Cass took a deep breath and went to check on her son. As she reached the hall the knocking came again, louder this time
, coming from the door and from the wall and from the ceiling.
She looked up, saw nothing – of course she saw nothing; it was only the children, Damon and his friends. They had got into the mill somehow, crept into the flat next to hers and the one above and the one below, and they were waiting for her to show she was afraid. Well, she wasn’t.
She felt her pulse beating in her throat.
She went into Ben’s room. He was sitting up in bed, his eyes wide and his mouth hanging open, a string of drool hanging from it.
There was banging on the ceiling, the walls, the floor.
Cass went and put her arms around him. ‘Shh,’ she said, although he hadn’t spoken. ‘It’s just children messing about. Naughty children, Ben. We won’t have to put up with them for long.’
‘They’ve come for me,’ he said.
‘No, no, they haven’t. It’s a game, that’s all: a silly game they’re playing.’
His skin was clammy against her arms. He squirmed and pulled away from her. ‘It’s not a game.’

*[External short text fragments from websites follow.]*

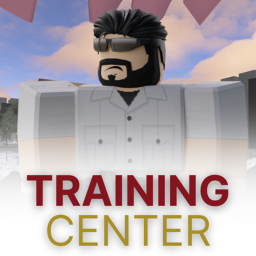 🌸 Aloha Cafe Training Center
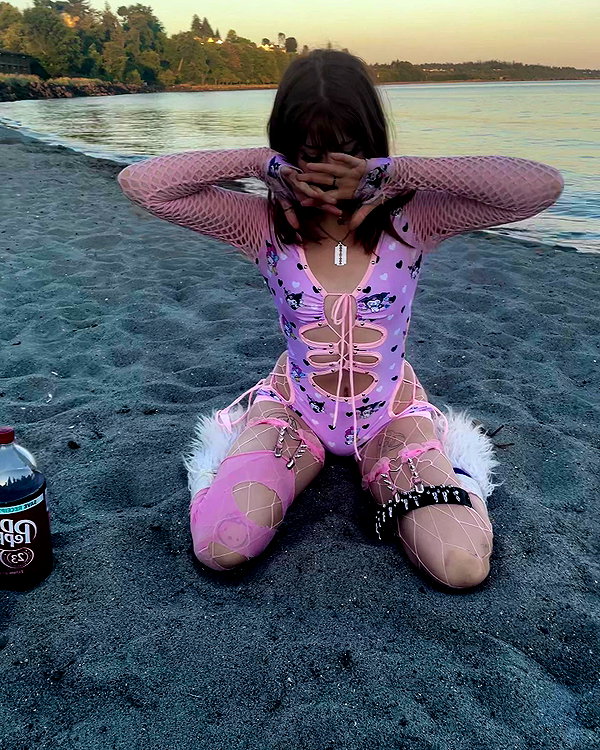 heathergrace67 instagram image archive image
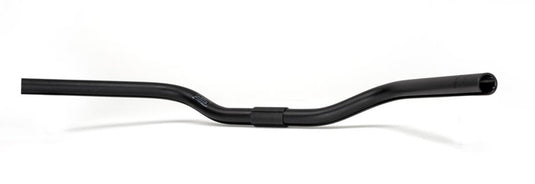 Unbranded stuur hl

‘It doesn’t matter, Ben. Whatever it is, we’re leaving tomorrow, you and me. Do you understand that?’
He shook his head.
‘Yes, Ben. We’re going away from here. We’re not coming back.’
‘It doesn’t matter. He got me.’
‘What do you mean?’
‘He’s in here.’
‘In here?’ Cass glanced towards the door.
Ben raised a finger and pointed to his chest. ‘Here – he’s in here. He told me.’
‘Who is, Ben?’
‘Daddy.’ He paused. ‘He’s my daddy now – they said so. They gave me the bread and the stuff and I wrote in the book.’
Cass had a sudden image of her father: This is love. ‘You mean like in church?’
Ben scowled.
‘What did they make you do?’
In answer he held out his hand, the dark line vicious against his pale skin.
‘You wrote your name in a book.’
He nodded.
‘What book, Ben? Where was it?’
‘Damon said it was okay,’ he said. ‘He said it was okay ’cos it was in the church. But it doesn’t feel okay.’